Windows Azure Storage Client Library: Rewinding stream position less than BlobStream.ReadAheadSize can result in lost bytes from BlobStream.Read()

Update 3/09/011: The bug is fixed in the Windows Azure SDK March 2011 release .

In the current Windows Azure storage client library, BlobStream.Read() may read less than the requested number of bytes if the user rewinds the stream position. This occurs when using the seek operation to a position which is equal or less than BlobStream.ReadAheadSize byte(s) away from the previous start position. Furthermore, in this case, if BlobStream.Read() is called again to read the remaining bytes, data from an incorrect position will be read into the buffer.
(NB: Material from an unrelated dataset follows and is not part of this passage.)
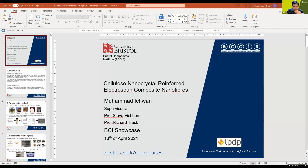Good afternoon, everyone. My name is Mohamed Ikhwan. I am a final year PhD student supervised by Professor Steve Eichhorn and Professor Richard Trash. I would like to talk about my project with the title of Cellulose Nanocrystals for Electrospun Composite Nanofiber.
What does ReadAheadSize property do?

BlobStream.ReadAheadSize is used to define how many extra bytes to prefetch in a get blob request when BlobStream.Read() is called. This design is suppose to ensure that the storage client library does not need to send another request to the blob service if BlobStream.Read() is called again to read N bytes from the current position, where N < BlobStream.ReadAheadSize. It is an optimization for reading blobs in the forward direction, which reduces the number of the get blob requests to the blob service when reading a Blob.

This bug impacts users only if their scenario involves rewinding the stream to read, i.e. using Seek operation to seek to a position BlobStream.ReadAheadSize bytes less than the previous byte offset.

The root cause of this issue is that the number of bytes to read is incorrectly calculated in the storage client library when the stream position is rewound by N bytes using Seek, where N <=BlobStream.ReadAheadSize bytes away from the previous read’s start offset. (Note, if the stream is rewound more than BlobStream.ReadAheadSize bytes away from the previous start offset, the stream reads work as expected.)

To understand this issue better, let us explain this using an example of user code that exhibits this bug.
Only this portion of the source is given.